Dynasty 18th Dynasty
Pharaoh(s) Amenhotep III
Titles King's Wife
Spouse(s) Amenhotep III (?)
Burial Wadi Bairiya

Henut (ancient Egyptian: ḥn.t, "Mistress") is an ancient Egyptian King's Wife of the Eighteenth Dynasty during the New Kingdom.

Family[]

Henut was initially only known from a canopic fragment found in the Valley of the Queens, which bares her name within a cartouche.[1] She is also attested as a "King's Wife" (ḥmt-nswt) and is currently believed to have been a minor wife of Pharaoh Amenhotep III. It remains unknown whether they produced any children together.

Burial[]

Due to the aforementioned discovery of her name on a canopic fragment in the Valley of the Queens, she was initially believed to have been interred at this necropolis.
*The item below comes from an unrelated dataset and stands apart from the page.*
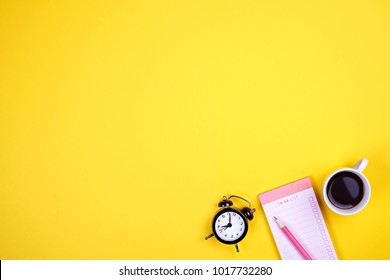 Writer's Table Flat Lay Composition. Student Desk W/ Supplies, Blank Notebook Pages, Coffee Cup, Clipboard, Pencil, Planner, To Do List, Empty Checkbox, Mini Alarm Clock. Copy Space, Yellow Background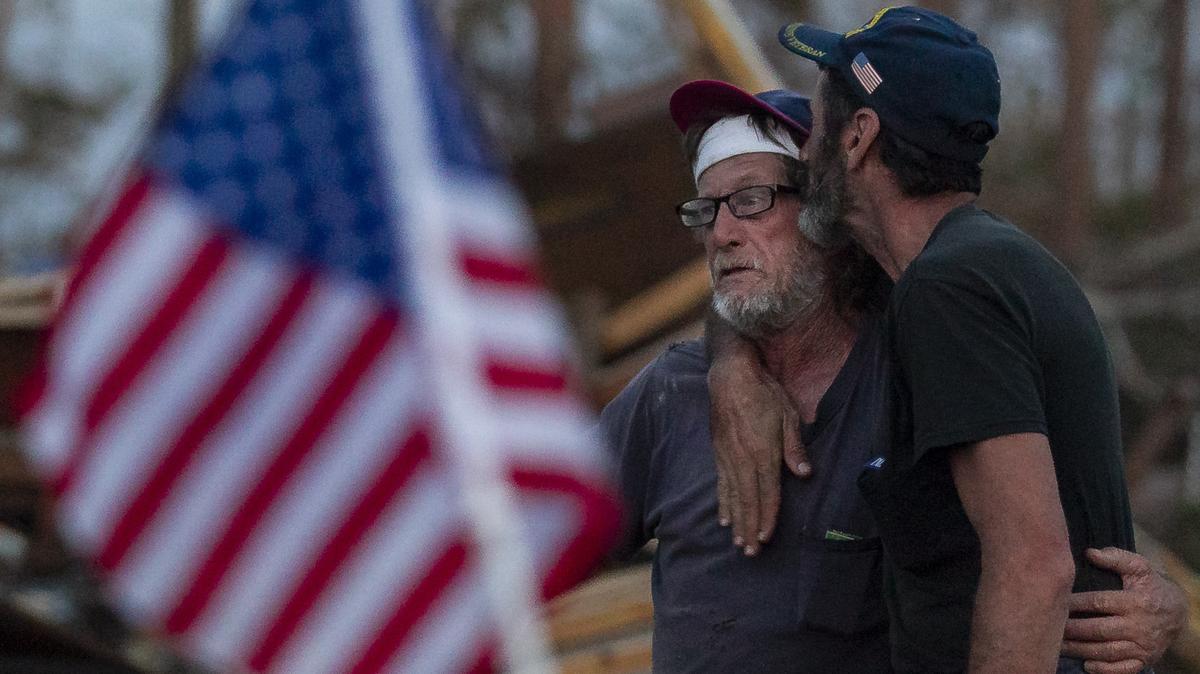 Carl Kuhn, 56, kisses his friend, Mickey Fox, 61, on Oct. 20, 2018, next to what remains of the trailer Fox and his wife rode out Hurricane Michael in. Kuhn pulled the Foxes from the ruins of their home in Callaway, Florida, during the eye of the storm.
However, more recently Piers Litherland's clearance of four shaft tombs at the mouth of Wadi Bairiya brought to light burials of a group of court women of Amenhotep III's reign, including the King's Wife Henut.[2]

References[]

  1. Dodson & Hilton 2004.
  2. Litherland 2018.

Bibliography[]

  • Dodson, A./Hilton, D., 2004: The Complete Royal Families of Ancient Egypt. Thames & Hudson, London.
  • Litherland, P., 2018: The Western Wadis of the Theban Necropolis.